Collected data
****************************************

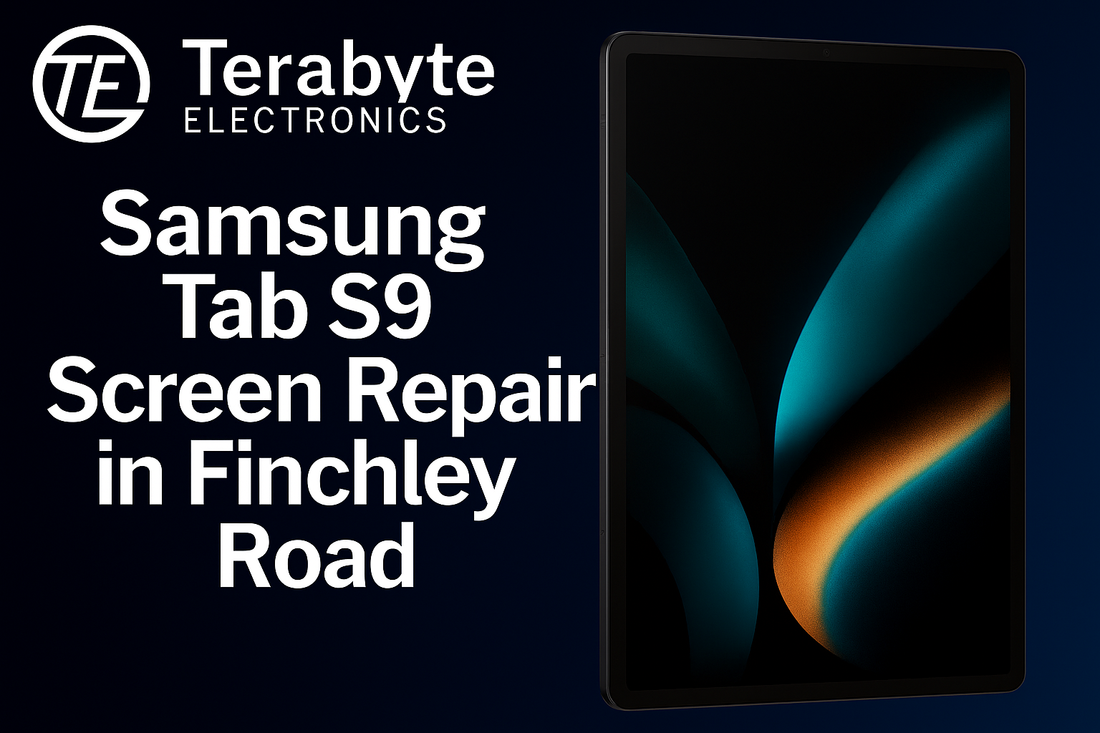Samsung Tab S9 Screen Repair in Finchley Road – Terabyte Electronics tablet repair service featuring Samsung Tab S9 with dark tech background and neon blue highlights.
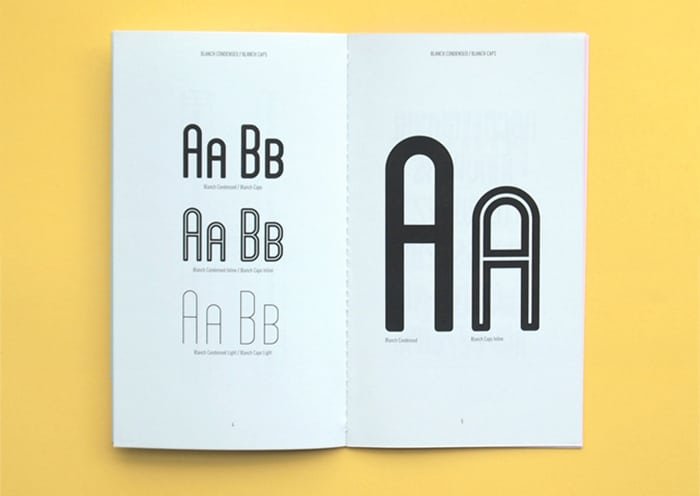 Blanch is a rounded typeface which looks cool with an in-line style ...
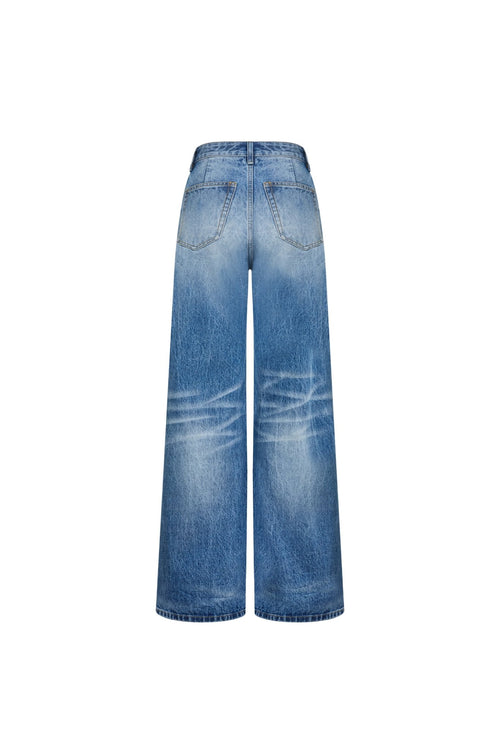 Blue Hand - whiskered Straight Leg Jeans - ANN ANDELMAN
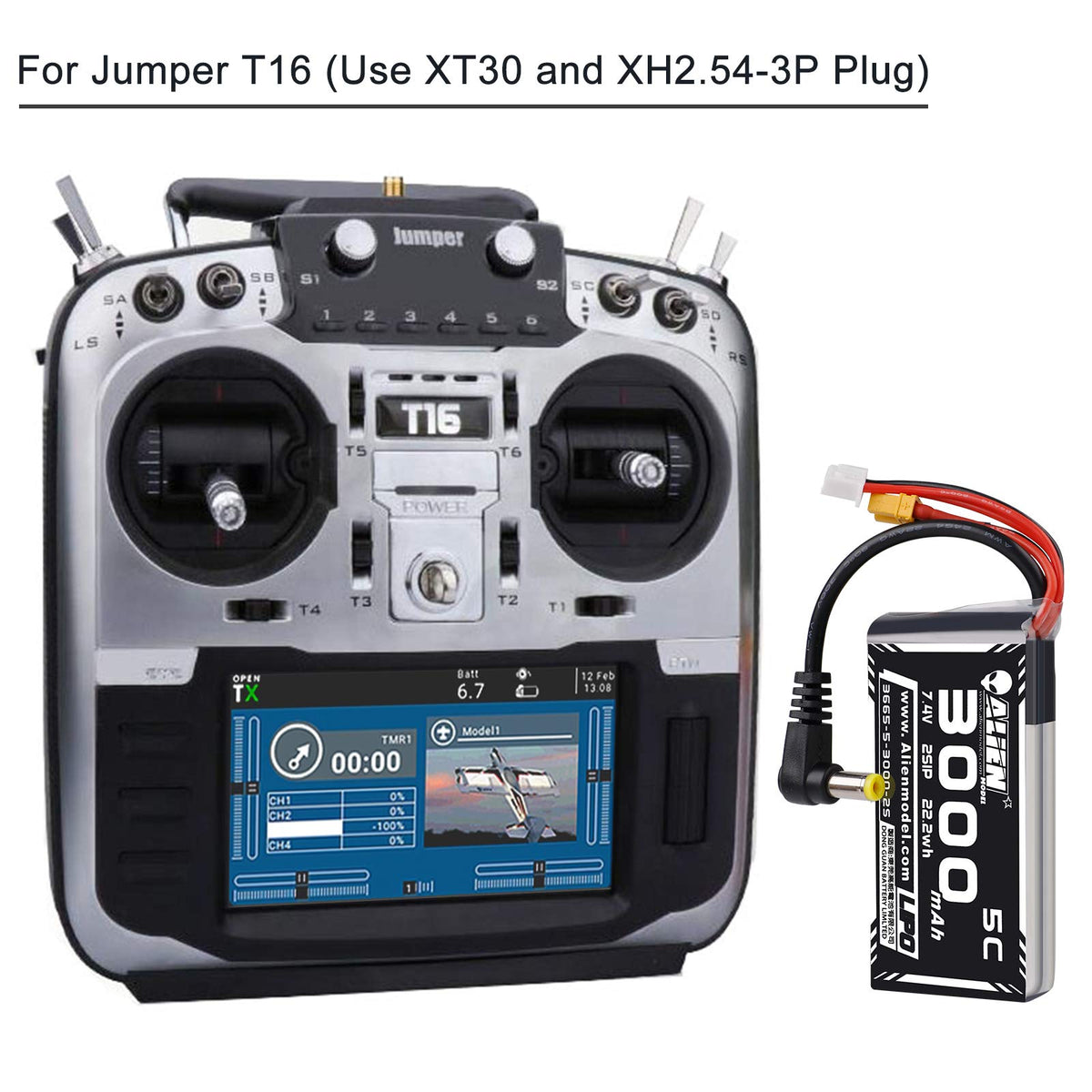 Crazepony 110g weight 2S LiPo battery, side view highlighting compact design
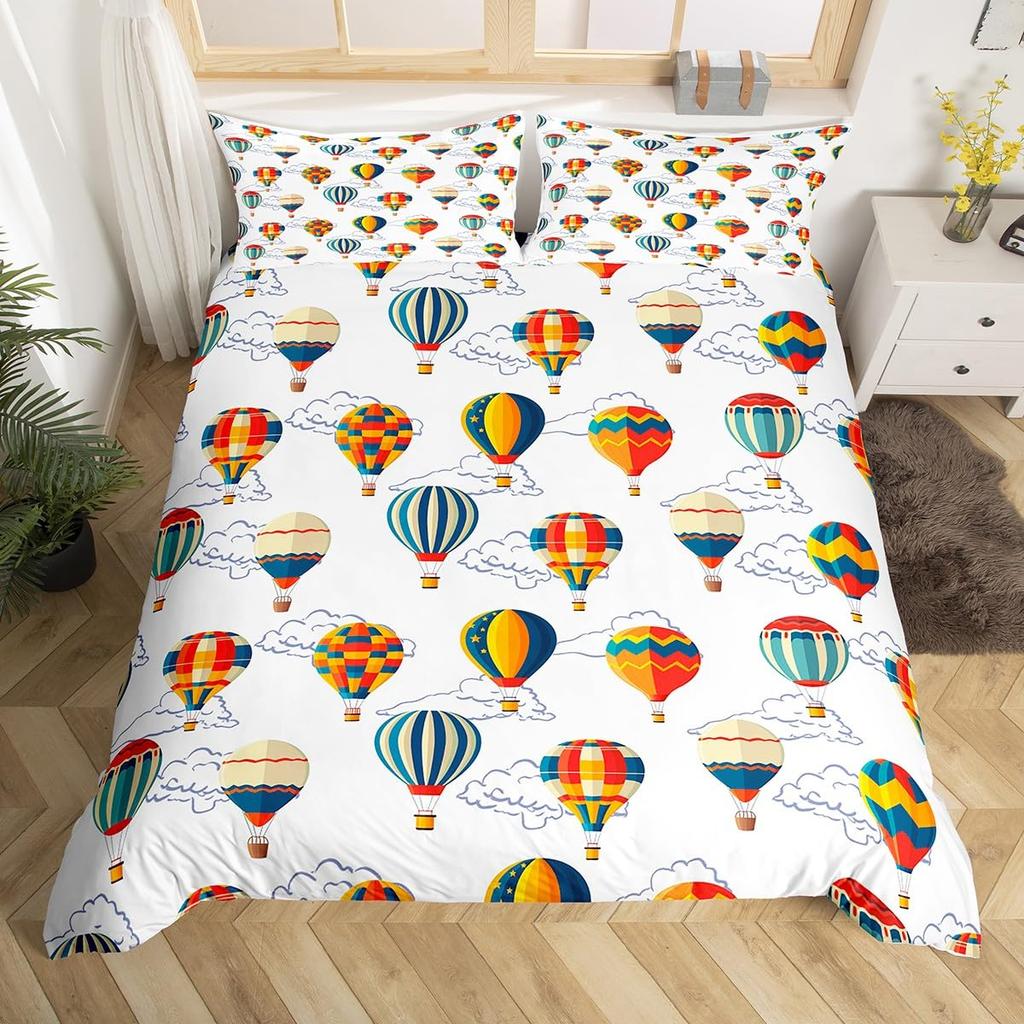 Air Balloon Duvet Cover Sets For Kids Queen King Size Lightweight Down Room Decor 2 Pillowcases And 1 Duvet Cover No Quilt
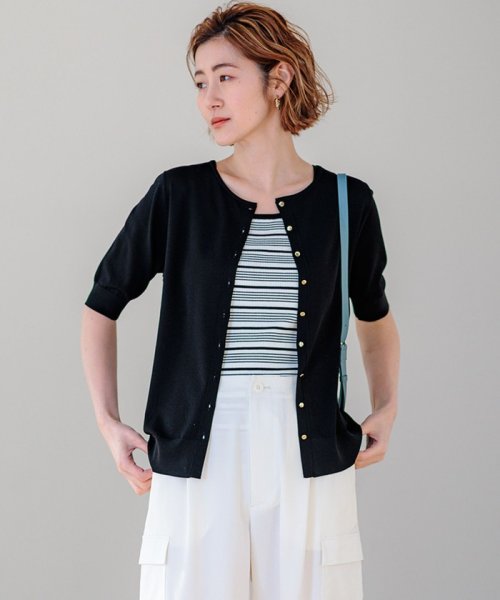 NIJYUSANKU（SMALL SIZE）(23区（小さいサイズ）)/【洗える】レーヨンポリエステルストレッチ 5分袖 カーディガン/ブラック系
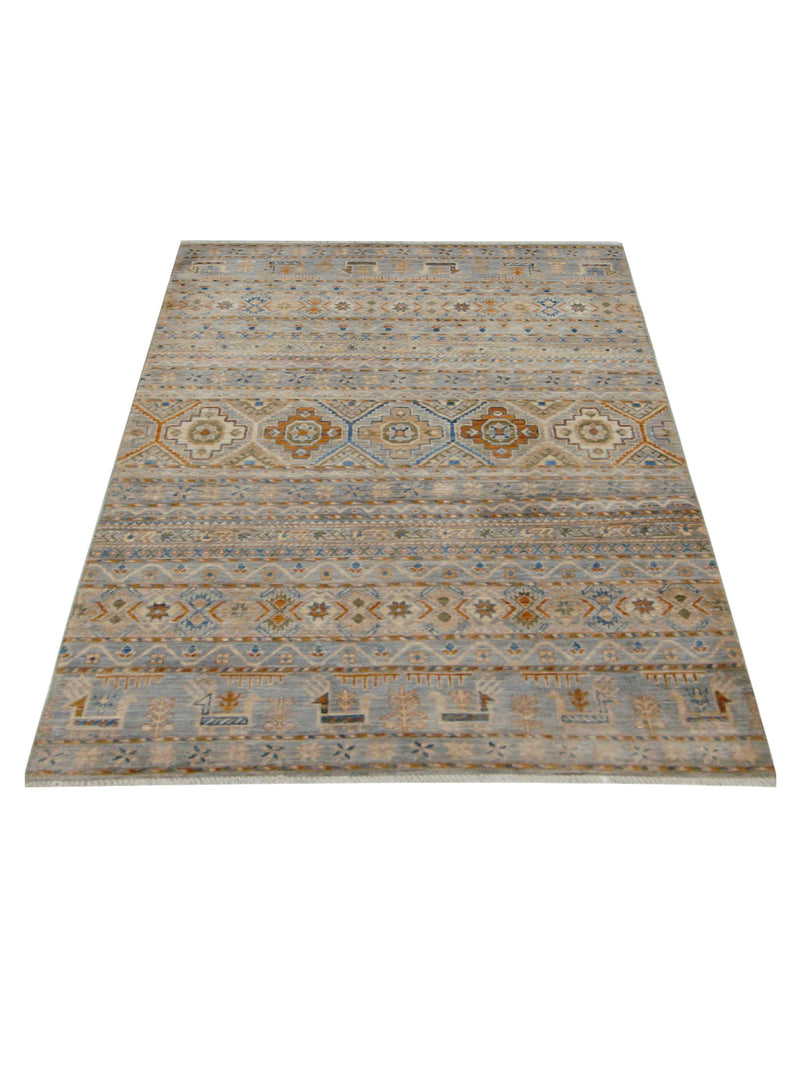 Pacific Khorgeen 42918 Grey Khaki Traditional Hand Knotted Rug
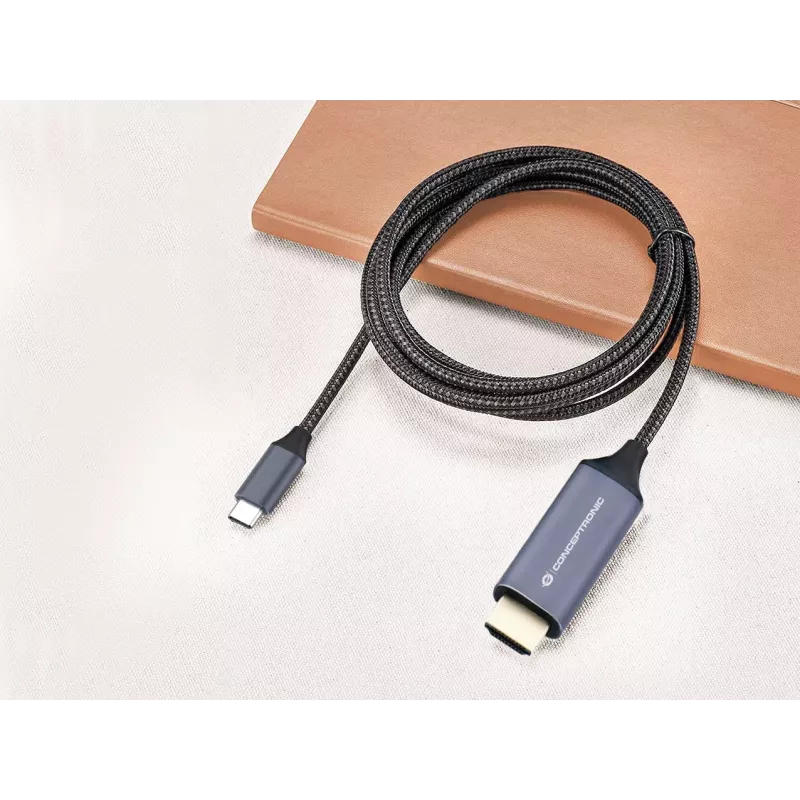 Cable Conceptronic USB-C a HDMI, macho a macho, 4K 60Hz, 2 m, USB Type-C, HDMI, macho, macho, recto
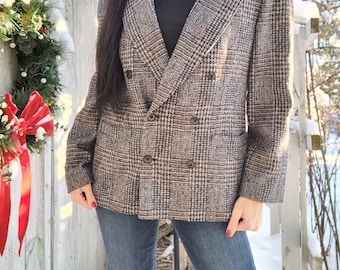 Vintage 80s ESCADA West Germany Academia Wool Brown Plaid Blazer Jacket Sz 40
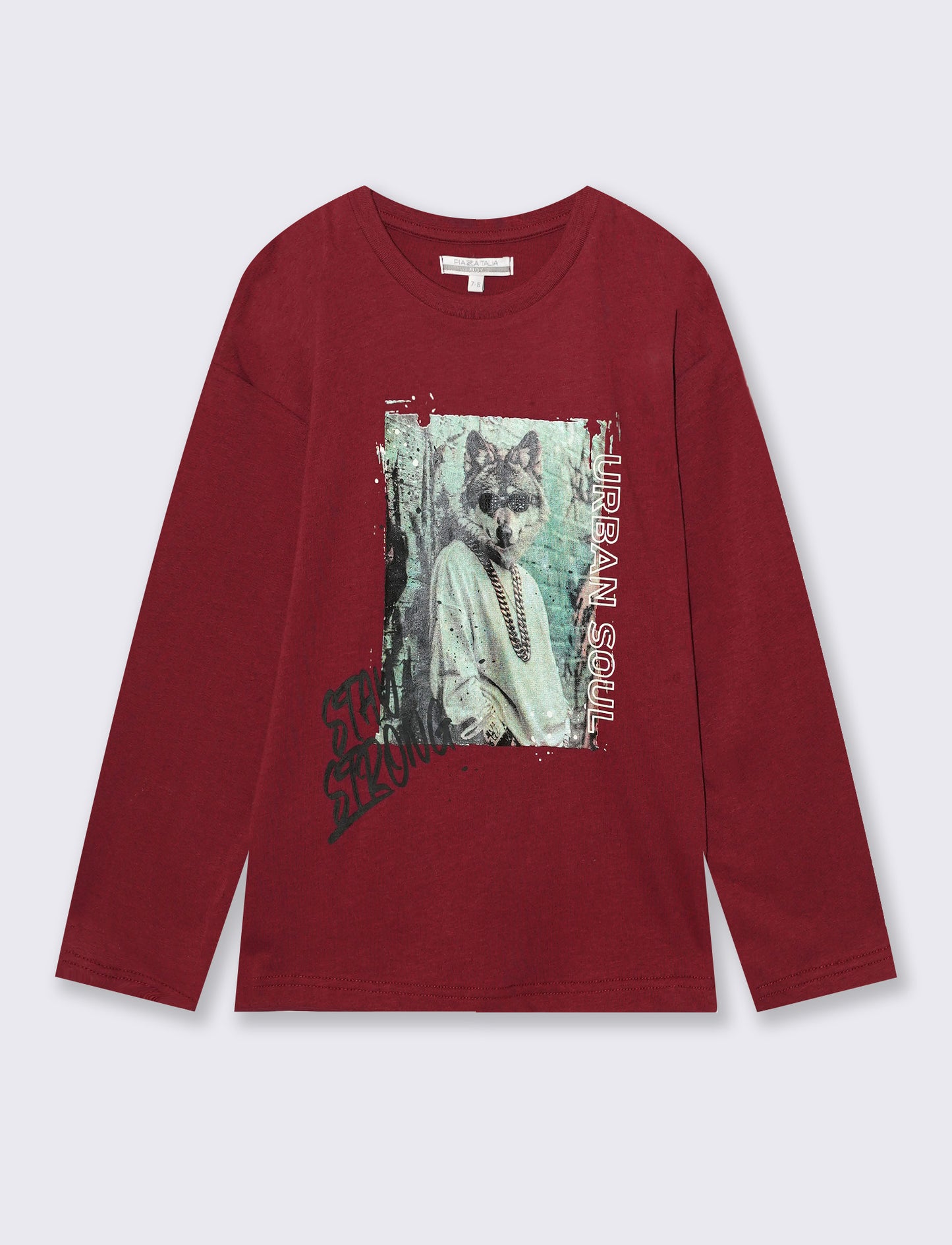 T-shirt manica lunga in caldo cotone - Bordeaux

****************************************

### PROBLEM DESCRIPTION
When you repeat the lines above, keep them exact and leave out each image they contain.

### ANSWER
Samsung Tab S9 Screen Repair in Finchley Road – Terabyte Electronics tablet repair service featuring Samsung Tab S9 with dark tech background and neon blue highlights.
 Blanch is a rounded typeface which looks cool with an in-line style ...
 Blue Hand - whiskered Straight Leg Jeans - ANN ANDELMAN
 Crazepony 110g weight 2S LiPo battery, side view highlighting compact design
 Air Balloon Duvet Cover Sets For Kids Queen King Size Lightweight Down Room Decor 2 Pillowcases And 1 Duvet Cover No Quilt
 NIJYUSANKU（SMALL SIZE）(23区（小さいサイズ）)/【洗える】レーヨンポリエステルストレッチ 5分袖 カーディガン/ブラック系
 Pacific Khorgeen 42918 Grey Khaki Traditional Hand Knotted Rug
 Cable Conceptronic USB-C a HDMI, macho a macho, 4K 60Hz, 2 m, USB Type-C, HDMI, macho, macho, recto
 Vintage 80s ESCADA West Germany Academia Wool Brown Plaid Blazer Jacket Sz 40
 T-shirt manica lunga in caldo cotone - Bordeaux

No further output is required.